• _What this task involves_:
Reproduce, exactly, the lines of the material below from the line containing "OPAQUE.CLIP（オペ" through the line containing "Pemkab Karo Bagikan", with both end lines included and nothing else.

• _Study material_:
::::::::::

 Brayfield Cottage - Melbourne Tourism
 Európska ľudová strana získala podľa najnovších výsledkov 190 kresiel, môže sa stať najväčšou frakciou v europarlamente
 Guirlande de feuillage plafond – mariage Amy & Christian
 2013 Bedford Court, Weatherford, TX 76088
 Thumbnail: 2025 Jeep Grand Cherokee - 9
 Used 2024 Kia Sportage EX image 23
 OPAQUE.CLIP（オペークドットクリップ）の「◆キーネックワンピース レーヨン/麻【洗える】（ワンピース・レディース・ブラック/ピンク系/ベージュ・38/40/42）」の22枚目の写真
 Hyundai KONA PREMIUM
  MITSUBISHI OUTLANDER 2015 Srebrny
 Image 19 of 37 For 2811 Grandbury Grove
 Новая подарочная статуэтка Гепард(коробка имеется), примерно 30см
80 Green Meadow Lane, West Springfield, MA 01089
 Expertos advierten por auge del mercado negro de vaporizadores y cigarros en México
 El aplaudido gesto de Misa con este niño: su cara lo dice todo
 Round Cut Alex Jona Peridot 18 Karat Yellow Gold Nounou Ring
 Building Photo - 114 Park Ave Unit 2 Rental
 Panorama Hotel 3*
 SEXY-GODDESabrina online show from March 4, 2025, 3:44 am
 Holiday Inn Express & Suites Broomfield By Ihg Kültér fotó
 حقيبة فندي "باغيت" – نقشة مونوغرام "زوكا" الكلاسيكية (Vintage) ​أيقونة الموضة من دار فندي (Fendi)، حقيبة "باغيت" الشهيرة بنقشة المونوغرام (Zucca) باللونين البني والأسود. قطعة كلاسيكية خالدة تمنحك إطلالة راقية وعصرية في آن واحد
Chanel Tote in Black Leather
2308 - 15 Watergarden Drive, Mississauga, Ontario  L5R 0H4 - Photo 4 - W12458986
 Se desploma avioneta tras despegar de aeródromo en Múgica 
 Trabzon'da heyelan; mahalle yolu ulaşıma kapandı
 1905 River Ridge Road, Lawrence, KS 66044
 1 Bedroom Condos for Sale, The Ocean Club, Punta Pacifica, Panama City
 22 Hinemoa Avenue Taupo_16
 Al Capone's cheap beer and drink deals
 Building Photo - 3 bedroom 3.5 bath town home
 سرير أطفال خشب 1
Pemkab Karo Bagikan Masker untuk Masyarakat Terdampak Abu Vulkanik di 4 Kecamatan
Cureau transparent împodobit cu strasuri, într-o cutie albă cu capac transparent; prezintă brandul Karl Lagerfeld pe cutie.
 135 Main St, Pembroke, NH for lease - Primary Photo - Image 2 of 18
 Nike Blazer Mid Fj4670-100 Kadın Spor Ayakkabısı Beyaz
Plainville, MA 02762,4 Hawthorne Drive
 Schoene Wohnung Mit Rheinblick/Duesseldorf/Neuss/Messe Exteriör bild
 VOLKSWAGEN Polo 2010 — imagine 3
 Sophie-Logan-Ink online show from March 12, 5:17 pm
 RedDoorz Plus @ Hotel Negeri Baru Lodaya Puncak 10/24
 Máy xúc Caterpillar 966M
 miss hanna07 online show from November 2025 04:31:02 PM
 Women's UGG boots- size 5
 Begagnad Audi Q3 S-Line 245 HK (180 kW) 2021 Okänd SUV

::::::::::

• _The answer_:
 OPAQUE.CLIP（オペークドットクリップ）の「◆キーネックワンピース レーヨン/麻【洗える】（ワンピース・レディース・ブラック/ピンク系/ベージュ・38/40/42）」の22枚目の写真
 Hyundai KONA PREMIUM
  MITSUBISHI OUTLANDER 2015 Srebrny
 Image 19 of 37 For 2811 Grandbury Grove
 Новая подарочная статуэтка Гепард(коробка имеется), примерно 30см
80 Green Meadow Lane, West Springfield, MA 01089
 Expertos advierten por auge del mercado negro de vaporizadores y cigarros en México
 El aplaudido gesto de Misa con este niño: su cara lo dice todo
 Round Cut Alex Jona Peridot 18 Karat Yellow Gold Nounou Ring
 Building Photo - 114 Park Ave Unit 2 Rental
 Panorama Hotel 3*
 SEXY-GODDESabrina online show from March 4, 2025, 3:44 am
 Holiday Inn Express & Suites Broomfield By Ihg Kültér fotó
 حقيبة فندي "باغيت" – نقشة مونوغرام "زوكا" الكلاسيكية (Vintage) ​أيقونة الموضة من دار فندي (Fendi)، حقيبة "باغيت" الشهيرة بنقشة المونوغرام (Zucca) باللونين البني والأسود. قطعة كلاسيكية خالدة تمنحك إطلالة راقية وعصرية في آن واحد
Chanel Tote in Black Leather
2308 - 15 Watergarden Drive, Mississauga, Ontario  L5R 0H4 - Photo 4 - W12458986
 Se desploma avioneta tras despegar de aeródromo en Múgica 
 Trabzon'da heyelan; mahalle yolu ulaşıma kapandı
 1905 River Ridge Road, Lawrence, KS 66044
 1 Bedroom Condos for Sale, The Ocean Club, Punta Pacifica, Panama City
 22 Hinemoa Avenue Taupo_16
 Al Capone's cheap beer and drink deals
 Building Photo - 3 bedroom 3.5 bath town home
 سرير أطفال خشب 1
Pemkab Karo Bagikan Masker untuk Masyarakat Terdampak Abu Vulkanik di 4 Kecamatan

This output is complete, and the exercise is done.